WHAT TO DO: Below are entries with pictures among them; reproduce exactly, and only, the lines from the one containing "Exceptional craftsmanship and" down to the one containing "杭州街头遇见杜海涛!背影帅气,手牵沈梦辰,闲逛在一起", without the pictures.

DATA:
..........
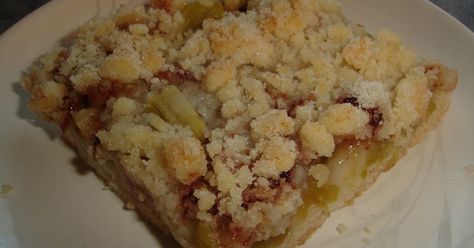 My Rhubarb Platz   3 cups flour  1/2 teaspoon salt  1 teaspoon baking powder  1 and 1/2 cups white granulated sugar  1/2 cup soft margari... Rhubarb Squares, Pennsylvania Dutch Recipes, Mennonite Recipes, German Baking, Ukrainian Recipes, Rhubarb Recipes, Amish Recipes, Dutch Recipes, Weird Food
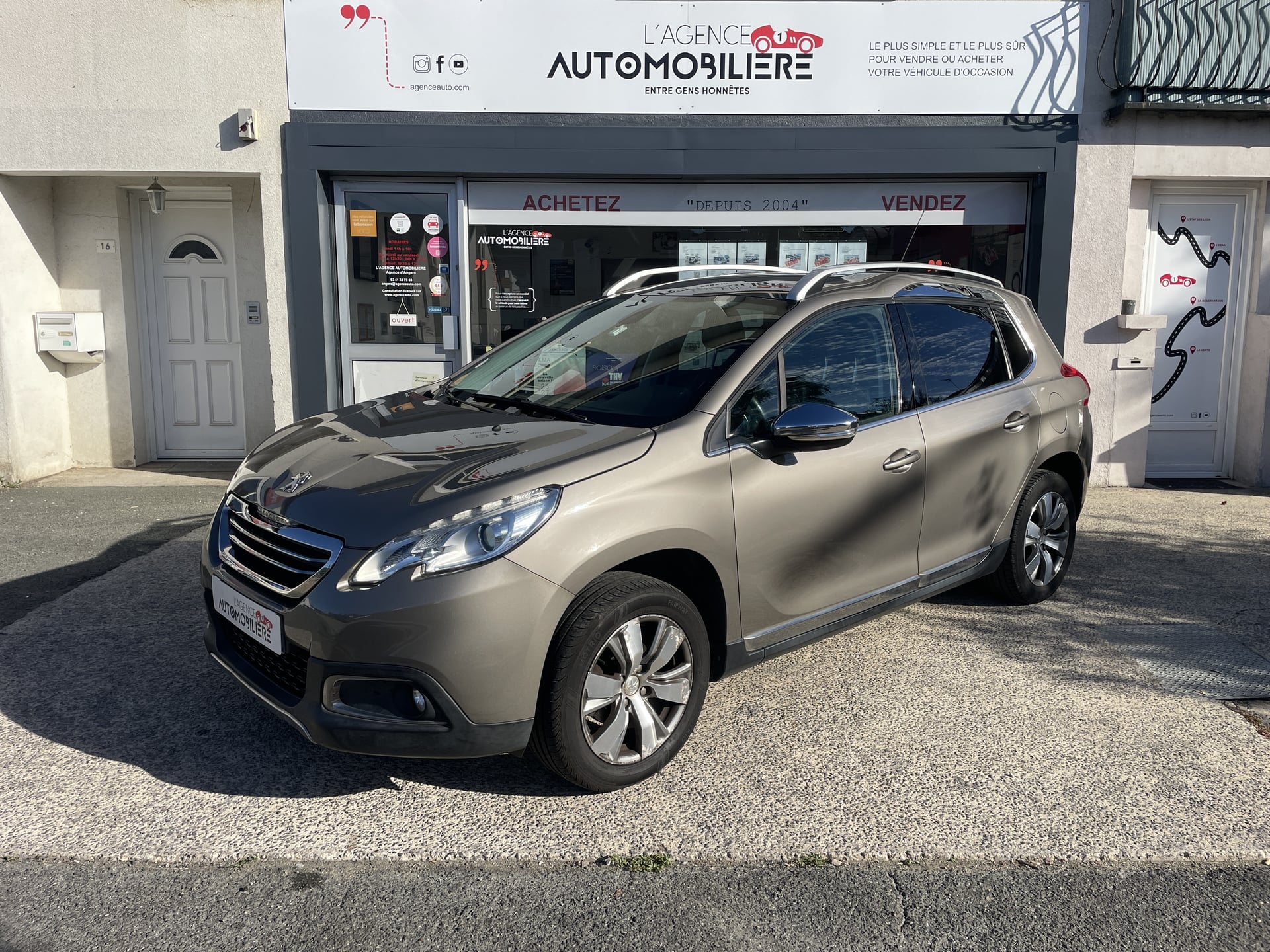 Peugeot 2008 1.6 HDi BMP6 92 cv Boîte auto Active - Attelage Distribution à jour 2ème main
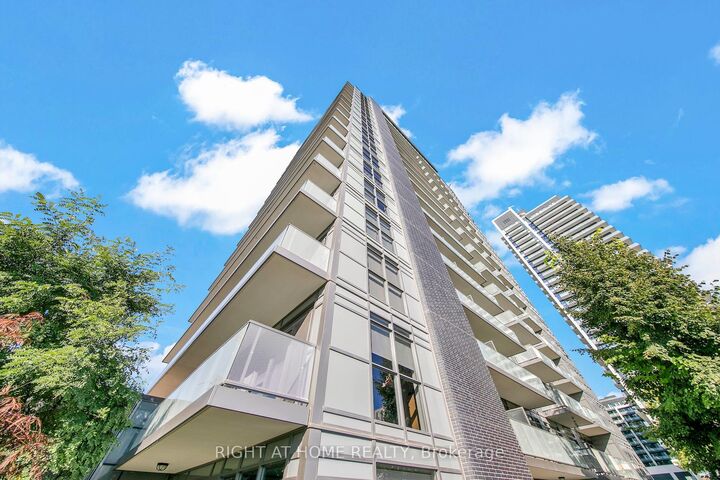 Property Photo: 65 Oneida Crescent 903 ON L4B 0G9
..........
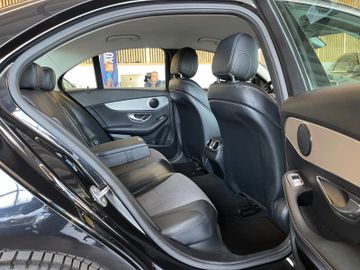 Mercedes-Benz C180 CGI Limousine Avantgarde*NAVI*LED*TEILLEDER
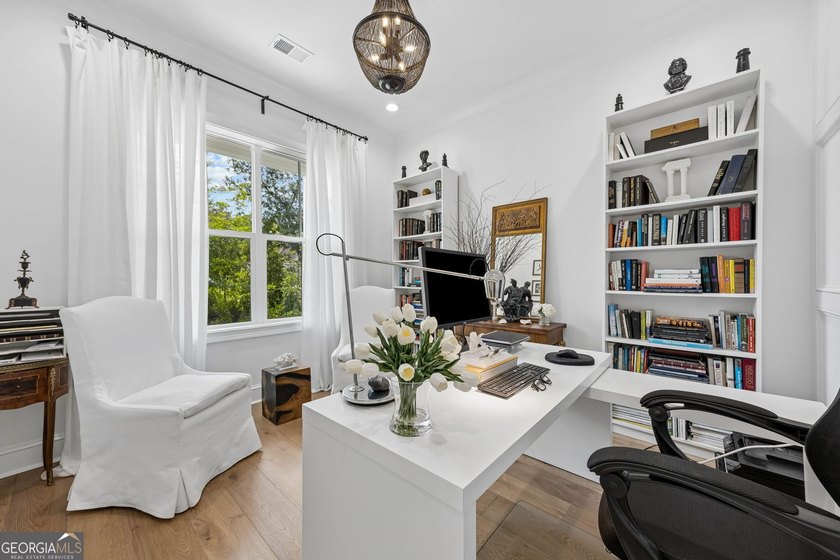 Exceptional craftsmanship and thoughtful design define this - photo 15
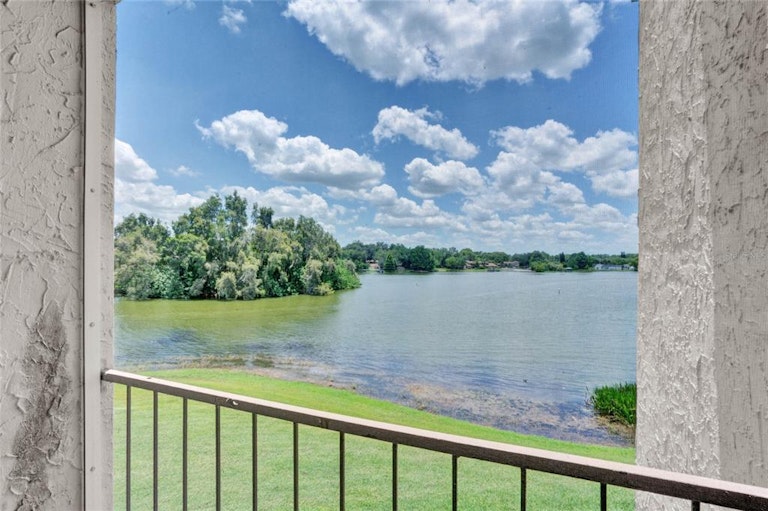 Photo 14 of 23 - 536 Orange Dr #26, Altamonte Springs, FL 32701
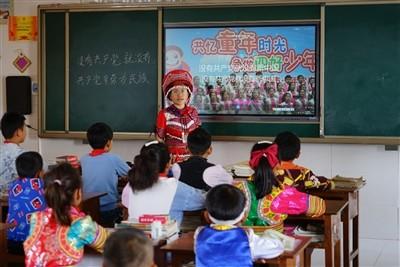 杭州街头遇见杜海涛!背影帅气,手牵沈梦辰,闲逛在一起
..........
FINISHED EXERCISE:
 Exceptional craftsmanship and thoughtful design define this - photo 15
 Photo 14 of 23 - 536 Orange Dr #26, Altamonte Springs, FL 32701
 杭州街头遇见杜海涛!背影帅气,手牵沈梦辰,闲逛在一起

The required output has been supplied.